Ministério Público encaminhou ao STF pedido de abertura de inquérito sobre Pedro Paulo Carvalho por lesão corporal; ele é pré-candidato à prefeitura do Rio, com apoio ao atual prefeito Eduardo Paes (PMDB)

BRASÍLIA - A Procuradoria-Geral da República (PGR) encaminhou ao Supremo Tribunal Federal (STF) pedido de abertura de inquérito para investigar o secretário executivo da prefeitura do Rio de Janeiro, Pedro Paulo Carvalho, por lesão corporal. Ele é deputado federal licenciado pelo PMDB e é suspeito de agredir a ex-mulher Alexandra Marcondes. O secretário é pré-candidato à prefeitura do Rio, com apoio ao atual prefeito Eduardo Paes (PMDB) à sucessão na disputa municipal que ocorre neste ano.

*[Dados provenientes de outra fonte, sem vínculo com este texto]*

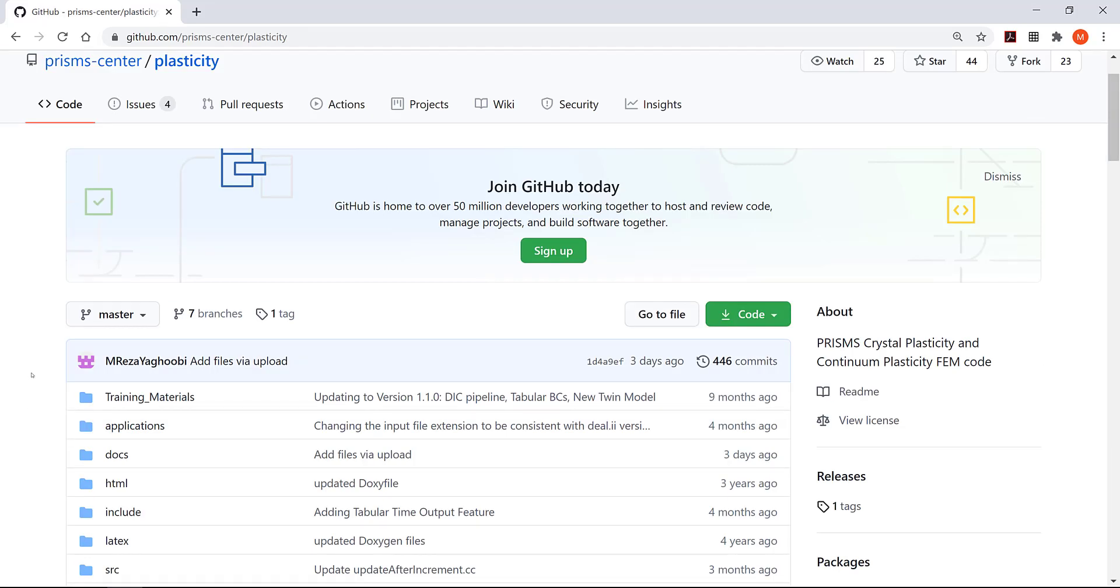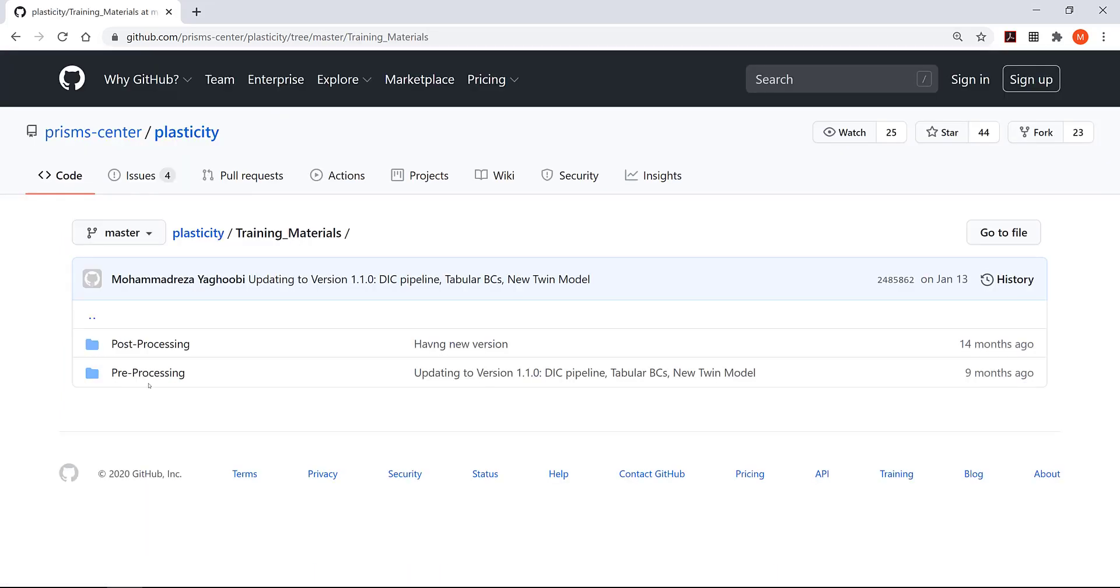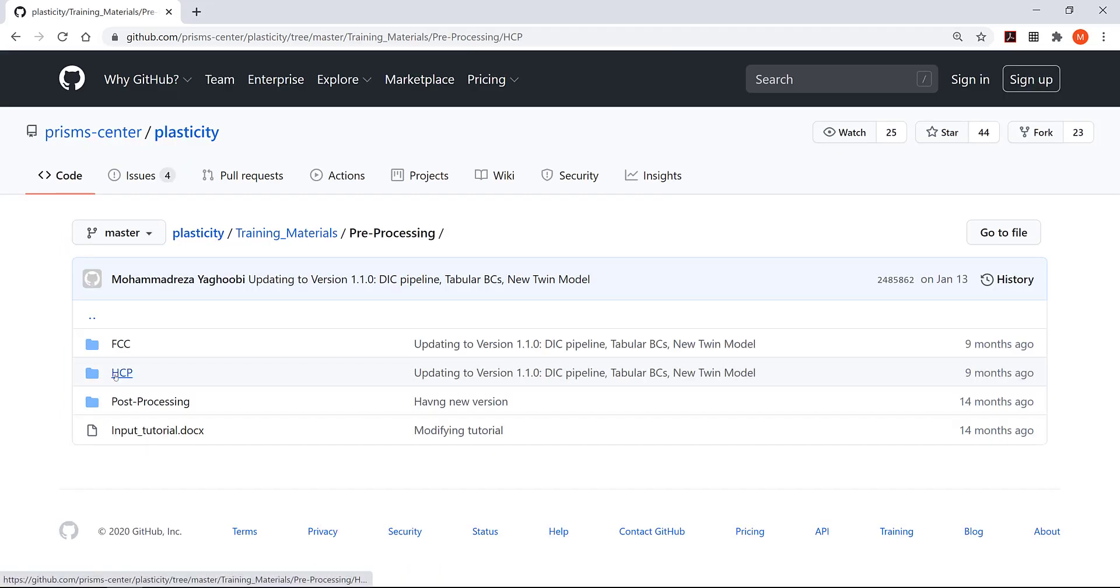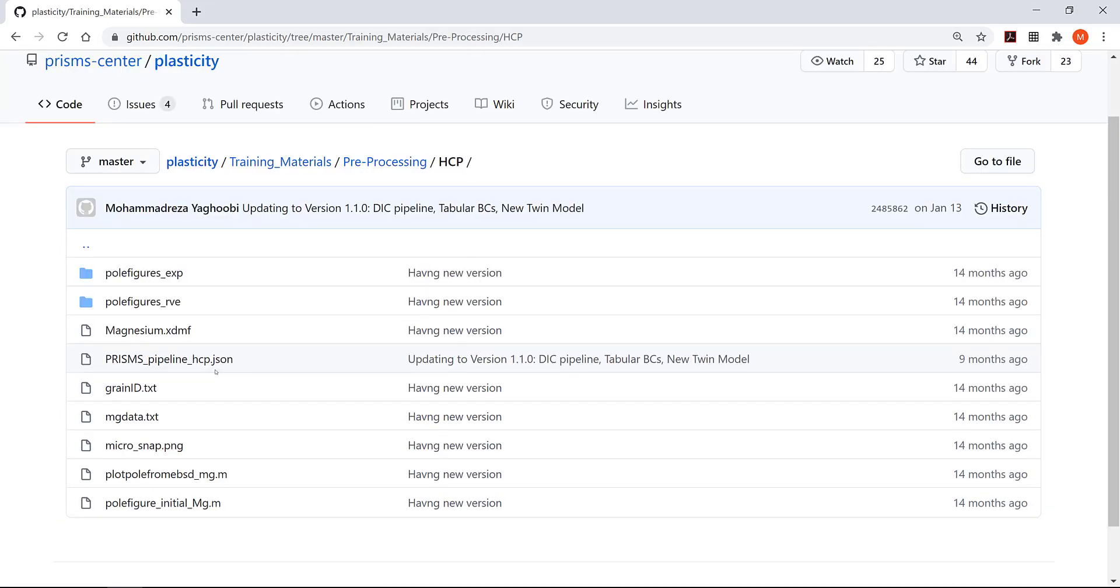If you go to the training materials and then to the pre-processing HCP folder, there is a file here called 'prisms_pipeline_HCP.json'. This file is actually the pipeline we prepared for the DREAM.3D package so you can post-process your EBSD data and generate the input microstructures for your PRISMS Plasticity simulation.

Duas ocorrências foram registradas por agressão a Alexandra, em 2008 e 2010. Os registros de agressão apontam que Pedro Paulo Carvalho deu socos no rosto e corpo da ex-mulher. Há também relatos de ofensas verbais a Alexandra, com xingamentos de "vagabunda" e "piranha", entre outros.

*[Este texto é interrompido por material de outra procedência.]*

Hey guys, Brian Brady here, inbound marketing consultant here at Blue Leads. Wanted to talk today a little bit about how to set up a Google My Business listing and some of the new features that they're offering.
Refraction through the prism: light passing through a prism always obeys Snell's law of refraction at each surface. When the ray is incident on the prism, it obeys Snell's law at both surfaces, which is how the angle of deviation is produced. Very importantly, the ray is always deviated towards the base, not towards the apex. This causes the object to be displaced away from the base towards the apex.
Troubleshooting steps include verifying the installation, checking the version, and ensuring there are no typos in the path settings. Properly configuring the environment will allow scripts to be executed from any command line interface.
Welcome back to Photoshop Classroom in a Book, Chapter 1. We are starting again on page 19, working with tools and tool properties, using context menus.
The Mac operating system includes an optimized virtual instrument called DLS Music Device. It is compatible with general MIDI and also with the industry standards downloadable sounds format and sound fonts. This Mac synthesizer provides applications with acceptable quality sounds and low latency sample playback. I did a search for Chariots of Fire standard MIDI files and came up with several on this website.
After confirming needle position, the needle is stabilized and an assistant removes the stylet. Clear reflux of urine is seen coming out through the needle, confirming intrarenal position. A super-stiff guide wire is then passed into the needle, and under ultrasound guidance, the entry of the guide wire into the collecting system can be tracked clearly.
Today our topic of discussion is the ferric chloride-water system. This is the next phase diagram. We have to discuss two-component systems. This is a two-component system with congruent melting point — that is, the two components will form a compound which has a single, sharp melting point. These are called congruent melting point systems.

O secretário de Coordenação do Governo da prefeitura do Rio de Janeiro, Pedro Paulo Carvalho
O secretário de Coordenação do Governo da prefeitura do Rio de Janeiro, Pedro Paulo Carvalho

Por ser deputado licenciado, o caso foi encaminhado pelo Ministério Público do Estado do Rio para a PGR. São documentos sobre a agressão em 2010 praticada contra Alexandra no apartamento do casal no Rio. Na ocasião, ela chegou a quebrar um dente e os dois fizeram exame de corpo de delito. Laudo do Instituto Médico Legal aponta que ela ficou com hematomas. Desde então, Carvalho e Alexandra estão separados.

Desde a vinda à tona das notícias sobre a agressão, a ex-mulher participou de um encontro com a imprensa minimizou o caso. Os dois já assumiram as agressões. Em uma das coletivas a jornalistas, o secretário questionou: "Quem não tem uma briga, um descontrole, quem não exagera numa discussão? A gente às vezes exagera, fala coisas que não deve. Quem não tem essas discussões e perde o controle? A gente perde o controle e tem discussões".

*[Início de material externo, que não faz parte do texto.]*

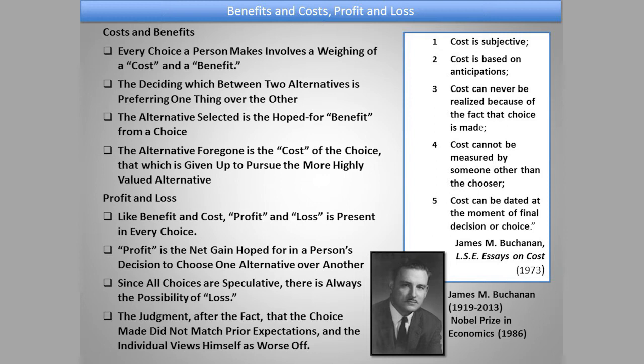Second, cost is based upon anticipations. The actions of the past are gone. No matter how much we wish we could relive our circumstances or rewrite the pages of our own personal history, the only chapters still open to us are the ones that are ahead, not behind us. The only choices in which we have to weigh costs are the options still before us, not those that are closed from behind.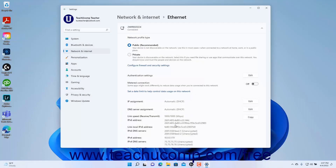The Ethernet connection information appears at the bottom of the Settings window, and you can click the adjacent Copy button to copy it to the clipboard if you need to send it to others for network troubleshooting. To close the Settings app window when finished, click the X button in its upper right corner.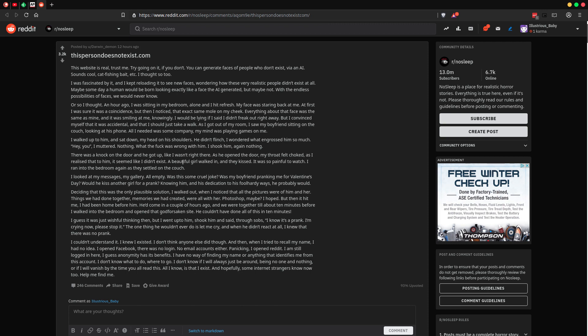I wondered what engrossed him so much. Hey you, I muttered. Nothing. What the fuck was wrong with him? I shook him. Again, nothing. There was a knock at the door, and he got up, like I wasn't there. As he opened the door, my throat felt choked as I realized that to him, it seemed like I didn't exist.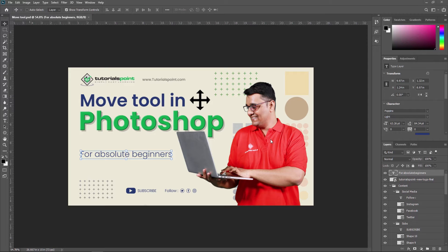The Move Tool helps you position selected content or a layer when customizing your work. It allows you to move a selection or an entire layer by dragging it with your mouse or using your keyboard arrow keys. The Move Tool is located at the top right of the Photoshop Toolbox. You can see it by hovering your mouse pointer over there, and you can enable it using the shortcut key V on your keyboard.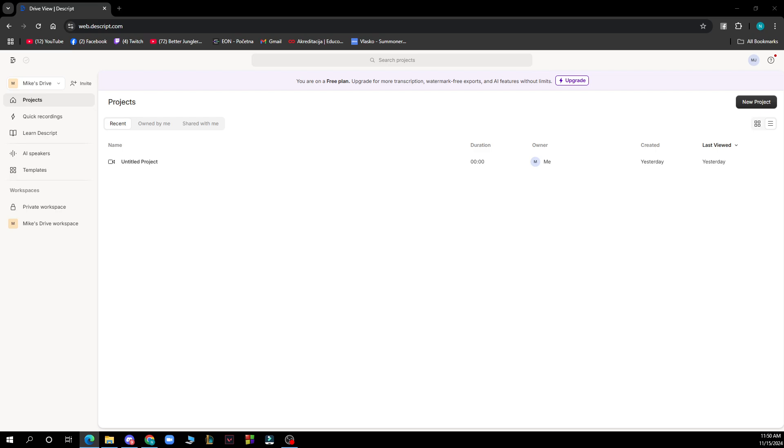The first thing you need to do is go to Google and type in Descript.com or you can download the application. After that, log into your profile or register if you haven't already.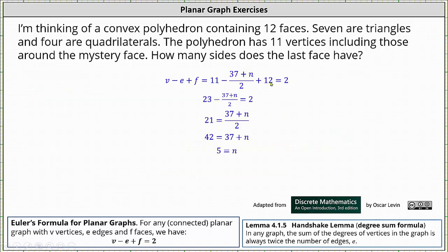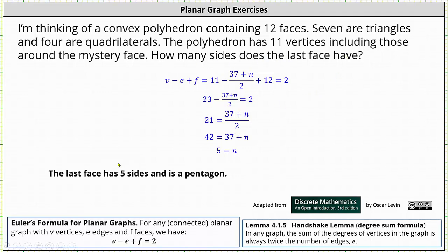For the first step, 11 plus 12 equals 23, giving us 23 minus the quantity 37 plus n divided by 2 equals 2. Rearranging, we get 21 equals the quantity 37 plus n divided by 2. Multiplying both sides by 2, we have 42 equals 37 plus n, giving us n equals 5. The last face has five sides and is a pentagon.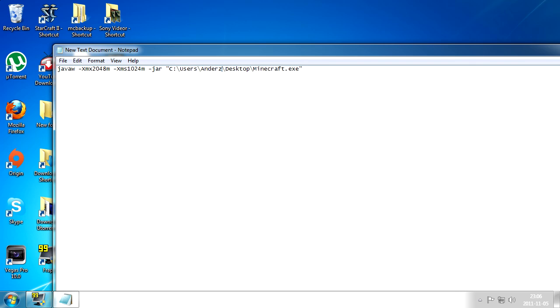Then copy paste in the text from my video description and you can see here it says Anders in a space. You want to delete it just like that and enter your computer name. How do you find out what your computer is named?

A peça com o teor das suspeitas da PGR ainda não foi tornada pública pelo Supremo. O caso foi distribuído ao gabinete do ministro Luiz Fux, que será o relator do inquérito na Corte. Após a abertura da investigação, Ministério Público e Polícia Federal podem realizar diligências para apurar mais informações sobre o caso e, então, oferecer uma denúncia contra o secretário.